In 1980, Republican Ronald Reagan ran for president pledging to kill it, but there was little congressional Republican desire to fight again.
Worse than that. What Reagan actually did was gut the interstate compact for education. That had been created in the 1960's as the only constitutional way that states are allowed to agree or cooperate on anything. Basically what it did then was share benchmarking info - with state employees seconded to that compact.
By the late 70's, its main focus was testing standards. Stuff like what are 8th graders expected to know for entry into high school (for both residents and new residents moving to the state). But since that was being done in the interstate compact, it was state employees doing that. And what Reagan and R's wanted was for all that testing work to be done by the private ETS (previously known for SAT level testing) and then mandated for the states. A new cabinet level department provides a new opportunity for lobbyists and those lobbyists are not just bureaucrats and unions but EVERYONE who is effectively 'frozen out' at the state level. For R's - that means private sector, charter schools, and presumably religious schools.
That transfer from the interstate compact to the DoE is what created the first 'new' function of DoE. And created the wedge - testing standards - to begin executive branch involvement in mandating to the states.
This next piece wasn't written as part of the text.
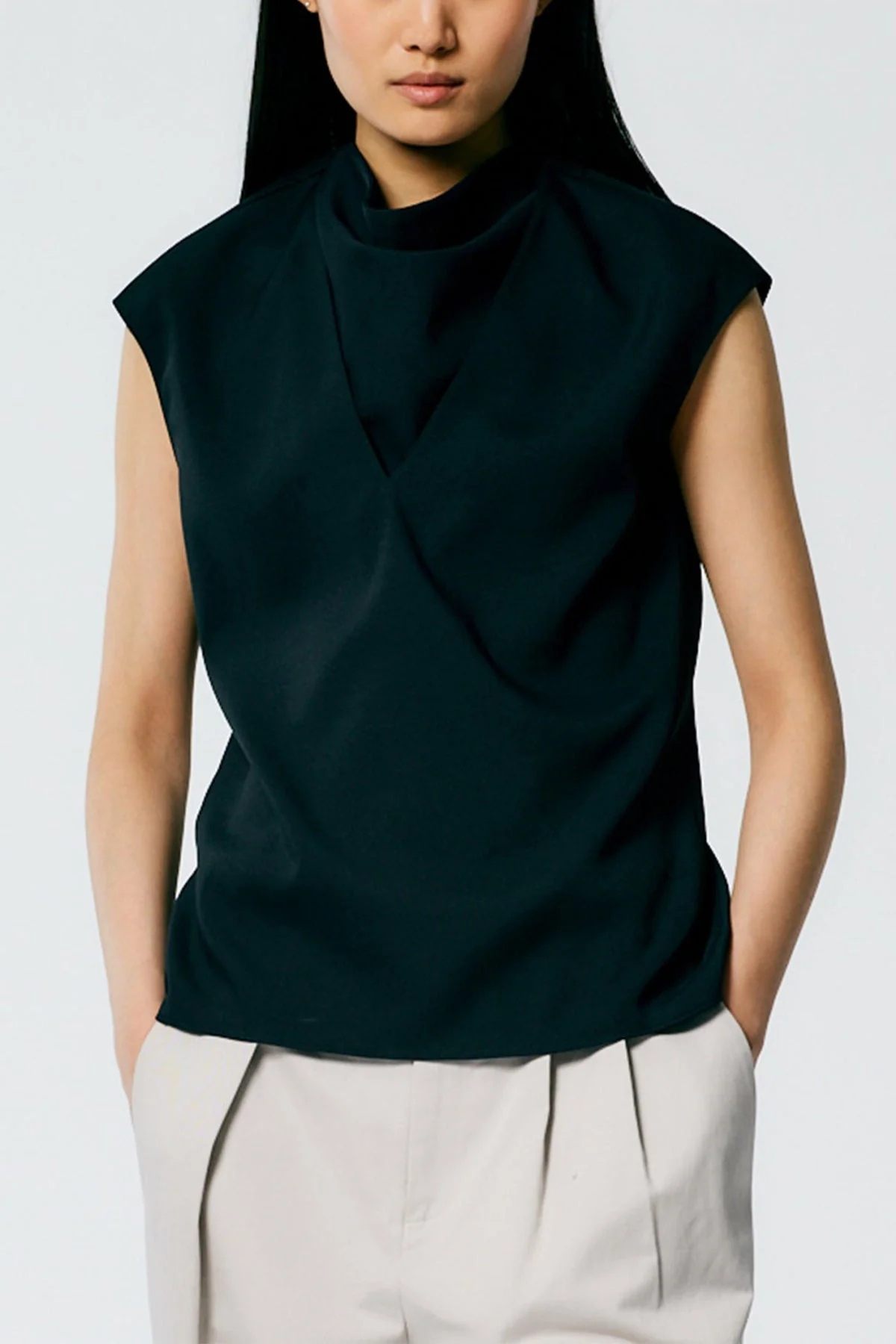 Chalky Drape Handkerchief Top in Black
Commie-Indoctrination Camps.
The most successful campaign tactic of [Na]tional So[zi]alist[s] is their soft-core and misleading word/naming themes.
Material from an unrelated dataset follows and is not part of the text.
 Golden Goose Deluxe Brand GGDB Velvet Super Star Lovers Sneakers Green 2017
Public Education *IS* Commie-Education who’s ?Education? is dictated (indoctrinated).
‘Guns’ don’t make knowledge either.
The DOE is just one of many reasons why public schools should be defunded and disbanded.
I dunno if outright abolish is possible. But what you can do is let natural staff attrition wind down the dept over time, and steadily reduce spending.
Once educational content delivery catches up to the 21st century, the Dept of Ed won't be needed anymore.
Frankly; The Dept of Ed *is* the very reason "content delivery" isn't "caught up to the 21st Century".
The Cause is never going to fix the Effect.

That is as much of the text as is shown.